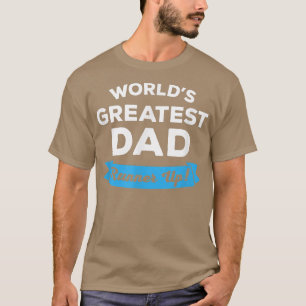 De grootste Mannen vader ter wereld loopt op grapp T-shirt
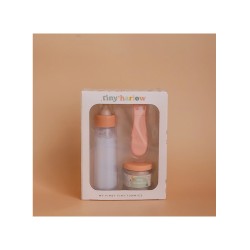 BIBERON DE LAIT, PETIT POT CEREALES ET SA CUILLERE - TINY HARLOW
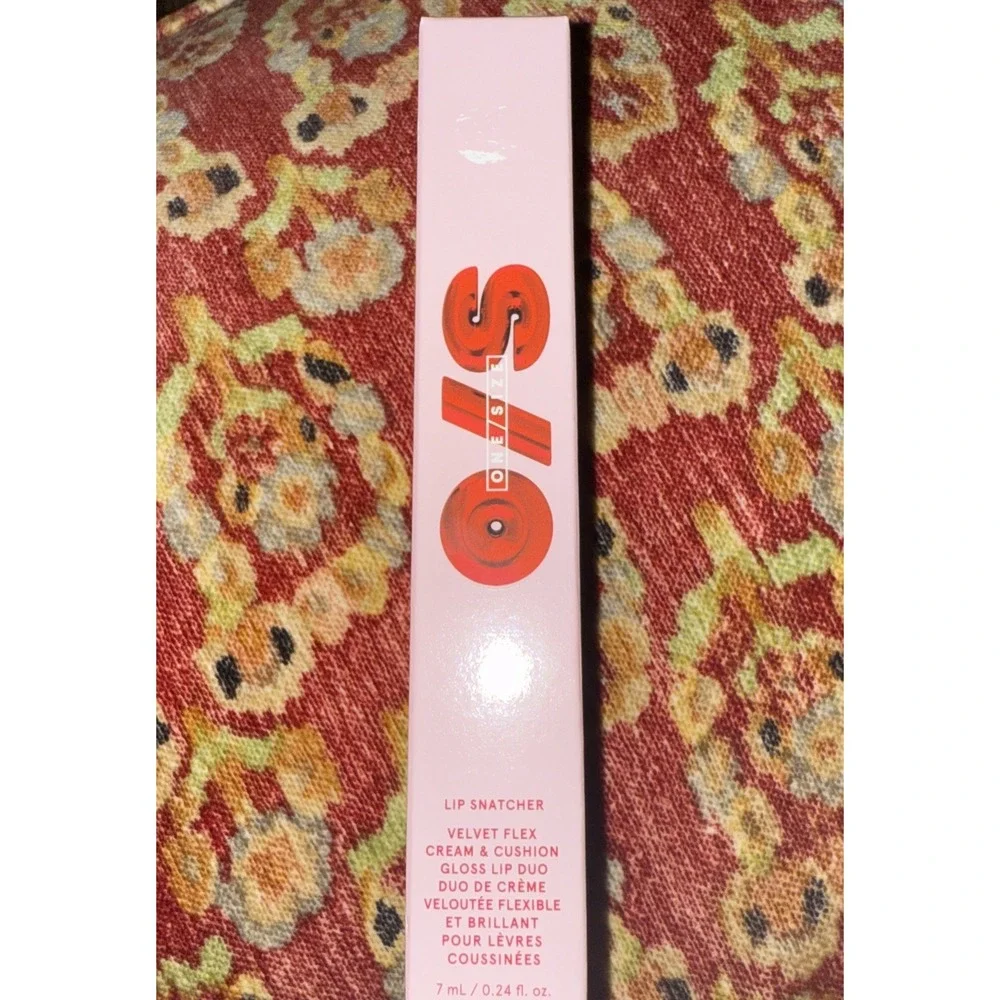O/S Lip Snatcher Velvet Flex Cream & Cushion Lip Gloss Duo .24 oz FS Be About It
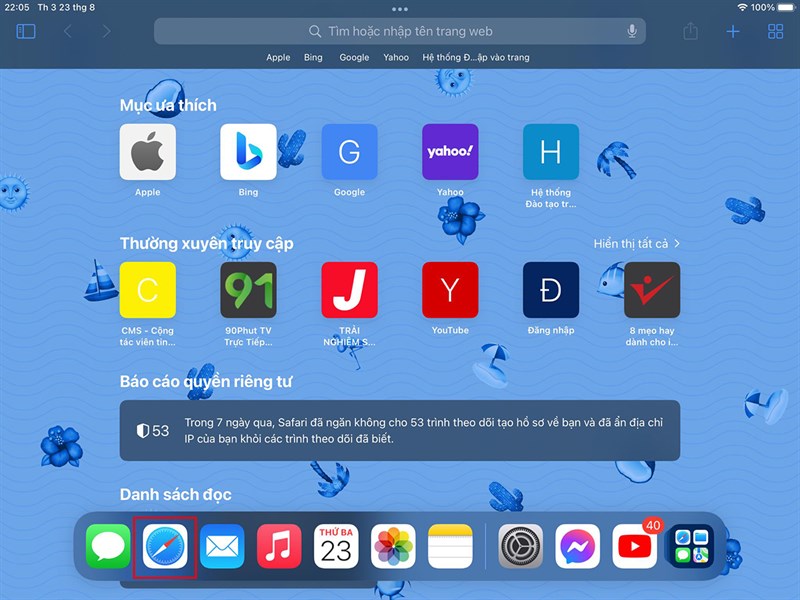 Cách mở nhiều cửa sổ Safari trên iPad Cách mở nhiều cửa sổ Safari trên iPad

§ **WHAT YOU ARE ASKED TO DO**
Repeat verbatim the lines from the one holding "O/S Lip Snatcher" through the end of the listing above, both ends included, but not the pictures.

§ **REPLY**
O/S Lip Snatcher Velvet Flex Cream & Cushion Lip Gloss Duo .24 oz FS Be About It
 Cách mở nhiều cửa sổ Safari trên iPad Cách mở nhiều cửa sổ Safari trên iPad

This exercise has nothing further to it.